> _WHAT YOU ARE ASKED TO DO_: Repeat the records exactly. Every line must match.

+ + + +

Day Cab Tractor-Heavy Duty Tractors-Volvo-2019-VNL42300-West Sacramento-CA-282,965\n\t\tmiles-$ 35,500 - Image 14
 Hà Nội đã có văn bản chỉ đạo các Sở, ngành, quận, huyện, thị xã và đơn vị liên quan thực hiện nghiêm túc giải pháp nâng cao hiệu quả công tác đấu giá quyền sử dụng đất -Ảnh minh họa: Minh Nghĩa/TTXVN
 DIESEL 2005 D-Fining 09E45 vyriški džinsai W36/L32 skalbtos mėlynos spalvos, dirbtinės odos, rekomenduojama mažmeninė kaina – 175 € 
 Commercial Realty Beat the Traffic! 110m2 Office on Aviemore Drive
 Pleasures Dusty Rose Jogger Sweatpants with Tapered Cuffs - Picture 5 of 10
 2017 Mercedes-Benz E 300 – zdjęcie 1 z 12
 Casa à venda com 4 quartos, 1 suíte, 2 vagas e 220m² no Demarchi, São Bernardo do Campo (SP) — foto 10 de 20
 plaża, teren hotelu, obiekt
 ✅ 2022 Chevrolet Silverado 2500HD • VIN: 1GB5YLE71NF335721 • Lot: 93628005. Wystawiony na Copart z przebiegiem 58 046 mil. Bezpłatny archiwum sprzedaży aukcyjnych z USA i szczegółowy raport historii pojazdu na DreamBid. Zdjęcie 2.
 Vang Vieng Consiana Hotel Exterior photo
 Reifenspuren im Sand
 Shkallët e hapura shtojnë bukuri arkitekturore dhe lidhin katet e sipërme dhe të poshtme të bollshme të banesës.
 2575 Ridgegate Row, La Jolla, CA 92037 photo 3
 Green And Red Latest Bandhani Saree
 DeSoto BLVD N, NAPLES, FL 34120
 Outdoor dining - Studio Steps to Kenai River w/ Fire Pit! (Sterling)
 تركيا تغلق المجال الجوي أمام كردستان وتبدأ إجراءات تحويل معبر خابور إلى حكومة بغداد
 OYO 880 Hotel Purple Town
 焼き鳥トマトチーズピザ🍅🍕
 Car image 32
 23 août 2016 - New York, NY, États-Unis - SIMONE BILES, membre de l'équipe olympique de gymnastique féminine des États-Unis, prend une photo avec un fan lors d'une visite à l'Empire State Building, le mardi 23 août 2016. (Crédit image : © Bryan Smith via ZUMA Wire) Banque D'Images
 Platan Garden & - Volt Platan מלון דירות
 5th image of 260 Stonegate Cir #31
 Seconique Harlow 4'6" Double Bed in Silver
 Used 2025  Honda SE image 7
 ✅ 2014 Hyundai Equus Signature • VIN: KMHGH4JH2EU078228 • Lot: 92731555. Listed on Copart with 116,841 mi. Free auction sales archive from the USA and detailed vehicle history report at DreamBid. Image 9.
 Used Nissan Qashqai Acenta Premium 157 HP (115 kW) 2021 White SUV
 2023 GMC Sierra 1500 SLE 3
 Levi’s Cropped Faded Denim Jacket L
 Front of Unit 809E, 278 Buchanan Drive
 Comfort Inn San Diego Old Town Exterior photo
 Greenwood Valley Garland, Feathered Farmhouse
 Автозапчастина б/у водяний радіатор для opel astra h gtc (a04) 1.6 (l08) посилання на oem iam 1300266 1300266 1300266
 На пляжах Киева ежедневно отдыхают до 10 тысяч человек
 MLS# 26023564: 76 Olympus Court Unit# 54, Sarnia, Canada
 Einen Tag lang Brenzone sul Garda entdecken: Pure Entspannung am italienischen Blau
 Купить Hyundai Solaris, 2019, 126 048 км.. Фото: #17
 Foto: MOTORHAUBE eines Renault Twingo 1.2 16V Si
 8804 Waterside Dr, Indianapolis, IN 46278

+ + + +

> _YOUR SOLUTION_:
Day Cab Tractor-Heavy Duty Tractors-Volvo-2019-VNL42300-West Sacramento-CA-282,965\n\t\tmiles-$ 35,500 - Image 14
 Hà Nội đã có văn bản chỉ đạo các Sở, ngành, quận, huyện, thị xã và đơn vị liên quan thực hiện nghiêm túc giải pháp nâng cao hiệu quả công tác đấu giá quyền sử dụng đất -Ảnh minh họa: Minh Nghĩa/TTXVN
 DIESEL 2005 D-Fining 09E45 vyriški džinsai W36/L32 skalbtos mėlynos spalvos, dirbtinės odos, rekomenduojama mažmeninė kaina – 175 € 
 Commercial Realty Beat the Traffic! 110m2 Office on Aviemore Drive
 Pleasures Dusty Rose Jogger Sweatpants with Tapered Cuffs - Picture 5 of 10
 2017 Mercedes-Benz E 300 – zdjęcie 1 z 12
 Casa à venda com 4 quartos, 1 suíte, 2 vagas e 220m² no Demarchi, São Bernardo do Campo (SP) — foto 10 de 20
 plaża, teren hotelu, obiekt
 ✅ 2022 Chevrolet Silverado 2500HD • VIN: 1GB5YLE71NF335721 • Lot: 93628005. Wystawiony na Copart z przebiegiem 58 046 mil. Bezpłatny archiwum sprzedaży aukcyjnych z USA i szczegółowy raport historii pojazdu na DreamBid. Zdjęcie 2.
 Vang Vieng Consiana Hotel Exterior photo
 Reifenspuren im Sand
 Shkallët e hapura shtojnë bukuri arkitekturore dhe lidhin katet e sipërme dhe të poshtme të bollshme të banesës.
 2575 Ridgegate Row, La Jolla, CA 92037 photo 3
 Green And Red Latest Bandhani Saree
 DeSoto BLVD N, NAPLES, FL 34120
 Outdoor dining - Studio Steps to Kenai River w/ Fire Pit! (Sterling)
 تركيا تغلق المجال الجوي أمام كردستان وتبدأ إجراءات تحويل معبر خابور إلى حكومة بغداد
 OYO 880 Hotel Purple Town
 焼き鳥トマトチーズピザ🍅🍕
 Car image 32
 23 août 2016 - New York, NY, États-Unis - SIMONE BILES, membre de l'équipe olympique de gymnastique féminine des États-Unis, prend une photo avec un fan lors d'une visite à l'Empire State Building, le mardi 23 août 2016. (Crédit image : © Bryan Smith via ZUMA Wire) Banque D'Images
 Platan Garden & - Volt Platan מלון דירות
 5th image of 260 Stonegate Cir #31
 Seconique Harlow 4'6" Double Bed in Silver
 Used 2025  Honda SE image 7
 ✅ 2014 Hyundai Equus Signature • VIN: KMHGH4JH2EU078228 • Lot: 92731555. Listed on Copart with 116,841 mi. Free auction sales archive from the USA and detailed vehicle history report at DreamBid. Image 9.
 Used Nissan Qashqai Acenta Premium 157 HP (115 kW) 2021 White SUV
 2023 GMC Sierra 1500 SLE 3
 Levi’s Cropped Faded Denim Jacket L
 Front of Unit 809E, 278 Buchanan Drive
 Comfort Inn San Diego Old Town Exterior photo
 Greenwood Valley Garland, Feathered Farmhouse
 Автозапчастина б/у водяний радіатор для opel astra h gtc (a04) 1.6 (l08) посилання на oem iam 1300266 1300266 1300266
 На пляжах Киева ежедневно отдыхают до 10 тысяч человек
 MLS# 26023564: 76 Olympus Court Unit# 54, Sarnia, Canada
 Einen Tag lang Brenzone sul Garda entdecken: Pure Entspannung am italienischen Blau
 Купить Hyundai Solaris, 2019, 126 048 км.. Фото: #17
 Foto: MOTORHAUBE eines Renault Twingo 1.2 16V Si
 8804 Waterside Dr, Indianapolis, IN 46278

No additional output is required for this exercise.